#### RECORDS FOR THE TASK:
○ ○ ○

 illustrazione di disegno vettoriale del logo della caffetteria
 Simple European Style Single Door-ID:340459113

○ ○ ○

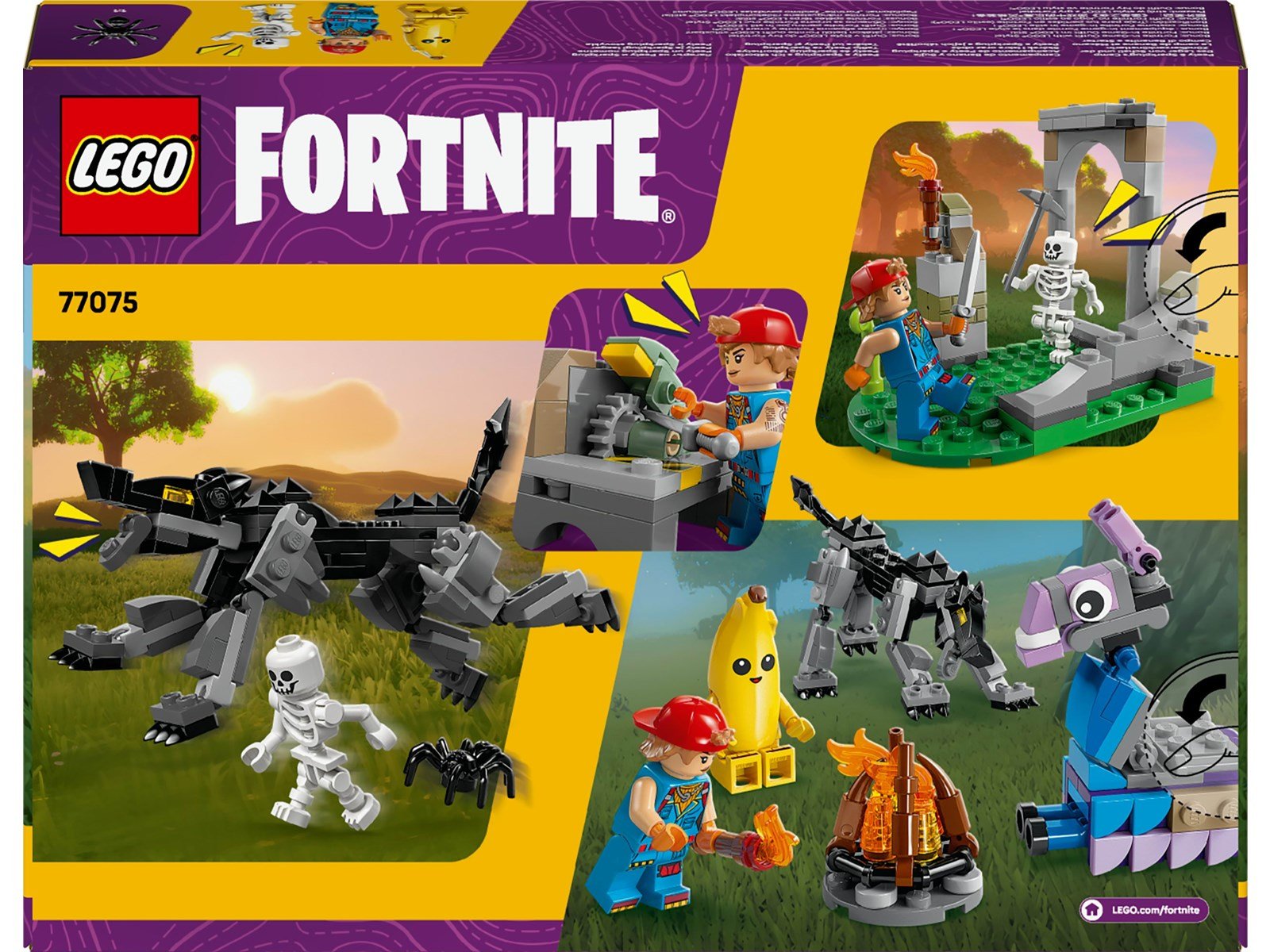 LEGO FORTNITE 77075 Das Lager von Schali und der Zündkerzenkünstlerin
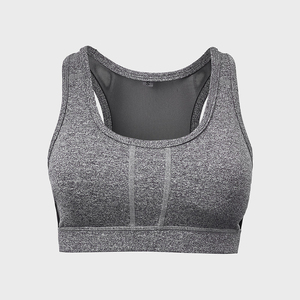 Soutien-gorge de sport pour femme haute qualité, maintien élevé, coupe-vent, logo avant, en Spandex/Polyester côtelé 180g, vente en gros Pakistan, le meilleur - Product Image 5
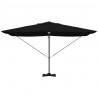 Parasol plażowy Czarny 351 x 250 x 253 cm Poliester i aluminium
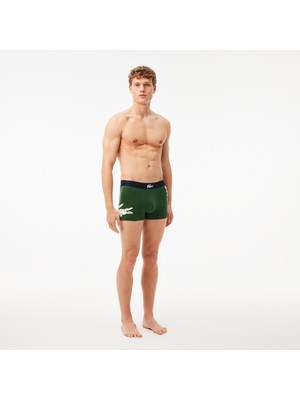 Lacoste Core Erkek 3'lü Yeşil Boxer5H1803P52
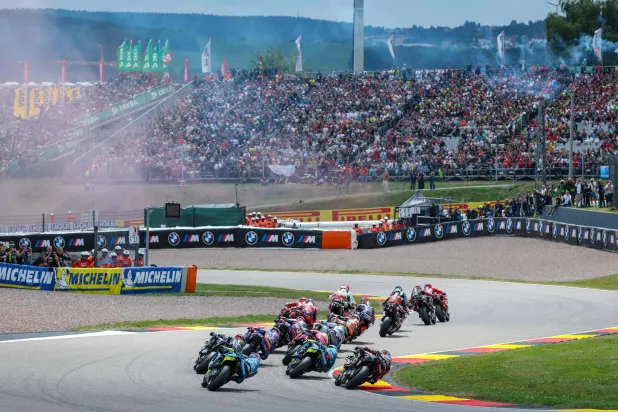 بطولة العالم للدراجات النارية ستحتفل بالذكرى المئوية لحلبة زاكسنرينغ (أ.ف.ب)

○ ○ ○

#### TASK DESCRIPTION:
The reply should hold exactly the lines above, starting at the line with "LEGO FORTNITE 77075" and ending at the line with "بطولة العالم للدراجات", and no pictures.

#### EXERCISE RESULT:
 LEGO FORTNITE 77075 Das Lager von Schali und der Zündkerzenkünstlerin
 Soutien-gorge de sport pour femme haute qualité, maintien élevé, coupe-vent, logo avant, en Spandex/Polyester côtelé 180g, vente en gros Pakistan, le meilleur - Product Image 5
 Parasol plażowy Czarny 351 x 250 x 253 cm Poliester i aluminium
 Lacoste Core Erkek 3'lü Yeşil Boxer5H1803P52
 بطولة العالم للدراجات النارية ستحتفل بالذكرى المئوية لحلبة زاكسنرينغ (أ.ف.ب)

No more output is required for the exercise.